Capacity Building

Author: Jennifer Criswell, Director of CTE, Lytle ISD

My first year as Director of CTE/PTECH for Lytle ISD has been fast and furious. It has become the best combination of teacher, counselor, and administrator.  The previous roles and responsibilities of all three of these stakeholder positions have shown to be beneficial in ensuring that programs for students are successful.  There are two very important changes that have occurred this year, building capacity and teamwork.  The impact of these two changes have now opened several doors of opportunities for our students within a short period of time.

The process of building capacity can be much like reading parenting books before your first child is born.  Many times what you read and the reality of what happens is different. Building capacity takes more than just training and including faculty and staff on an email.  To begin building capacity, it takes intentional planning and a commitment to setting time aside from our superhighway daily lives to meet, collaborate, and learn.  Having a hectic schedule of meetings on your work calendar can bring out frustration and anxiety, which will leave someone feeling counterproductive and have self-doubt. Each meeting should have an agenda and learning opportunity which expands their knowledge along with actionable items that have accountability tied to them to ensure there is follow through. Sharing each other’s responsibilities and the process of getting the work done allows others to see things from many perspectives.

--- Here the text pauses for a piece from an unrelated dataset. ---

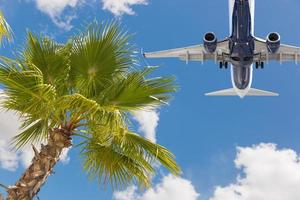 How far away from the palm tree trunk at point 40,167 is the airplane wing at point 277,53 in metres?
27.0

When you reach a level of capacity within a school, teamwork really can put your school on the map.  Most single-person departments usually try to do everything to the best of their ability without adding one more thing to someone else’s plate.  Communicating verbally and in writing only when sending that “FYI” email.  Just because that type of email is sent out, doesn’t mean that the person receiving understands their role.  I have found that working in isolation doesn’t work.  The circle of influence that each member has is different and by working together brings an opportunity to identify overlapping areas in which support can be given.  The phrase, “It takes a village to raise a child.” is true when supporting a campus, either student or teacher.  Trusting that each person on the team is vested helps with morale and sustainability.  The power of knowing that your members on your team are the right ones is an incredible overwhelming feeling that makes the impossible possible.

The school year is ending in a few months and planning for the next school year has already begun.  I can proudly say that we have a committed team ready to serve our students and each other. The dedication of the building of capacity and teamwork makes it a “Great day to be a Pirate!”